(Input records)
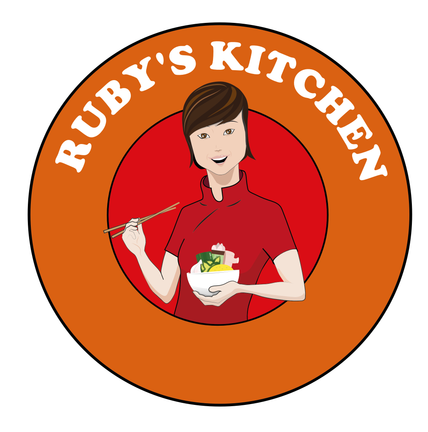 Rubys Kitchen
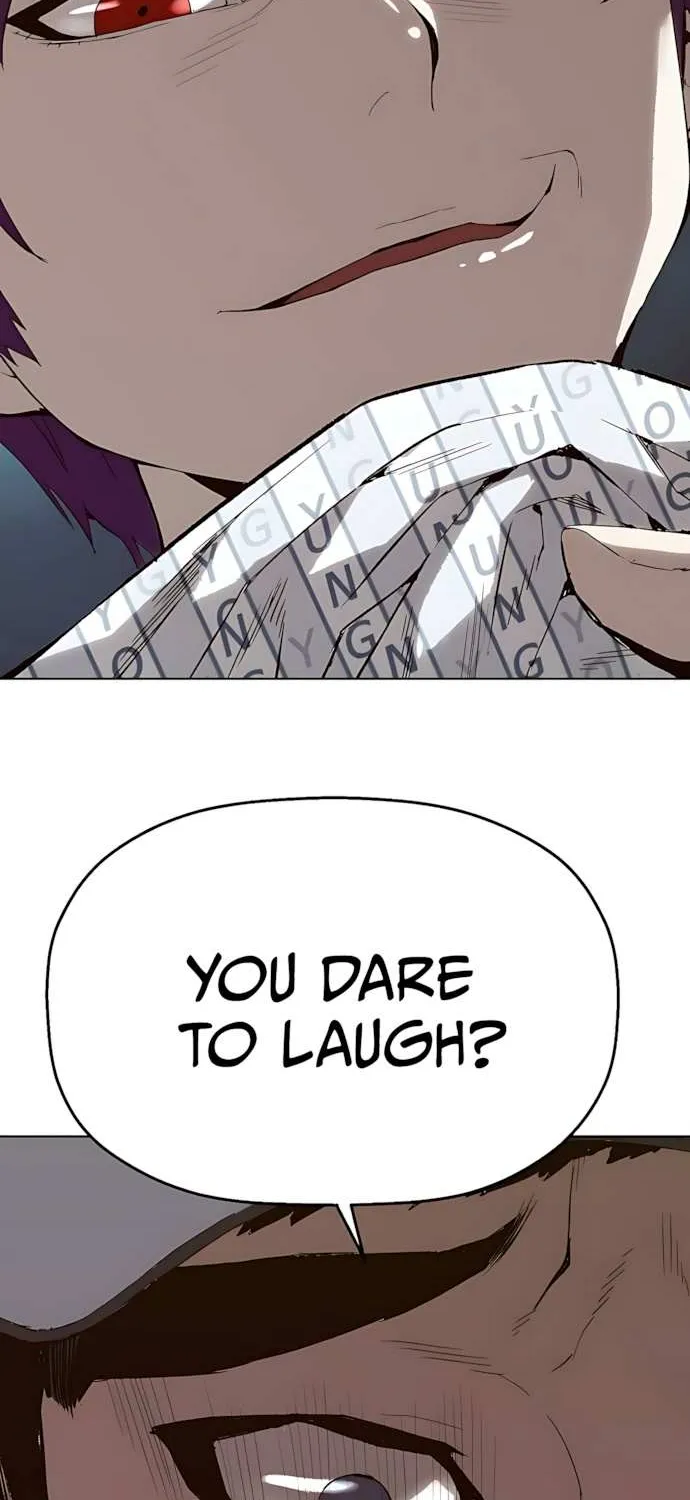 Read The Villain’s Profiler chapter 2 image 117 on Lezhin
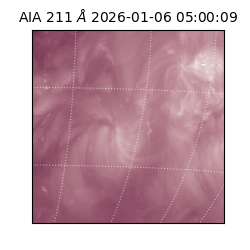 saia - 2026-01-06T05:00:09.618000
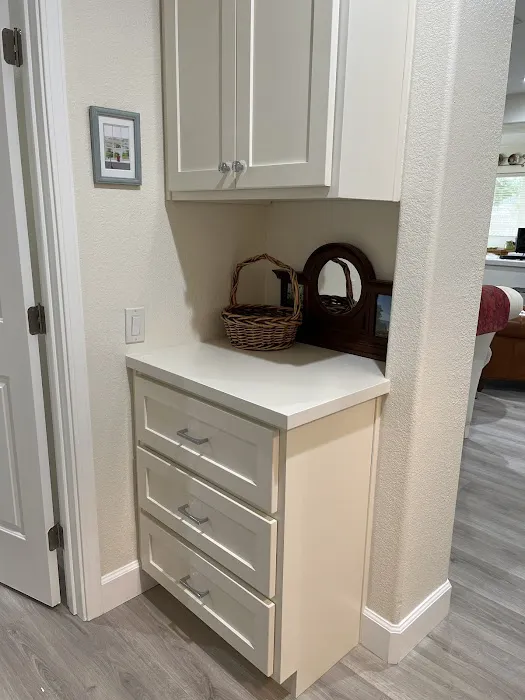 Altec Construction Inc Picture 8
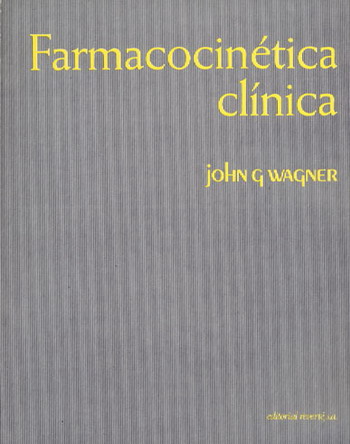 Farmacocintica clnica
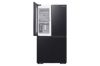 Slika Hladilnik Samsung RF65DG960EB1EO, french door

(Exercise aim)
Locate "Farmacocintica clnica" in the entries above. Copy, exactly and only, the lines from that line to the end, leaving out the pictures.

(Exercise output)
 Farmacocintica clnica
 Slika Hladilnik Samsung RF65DG960EB1EO, french door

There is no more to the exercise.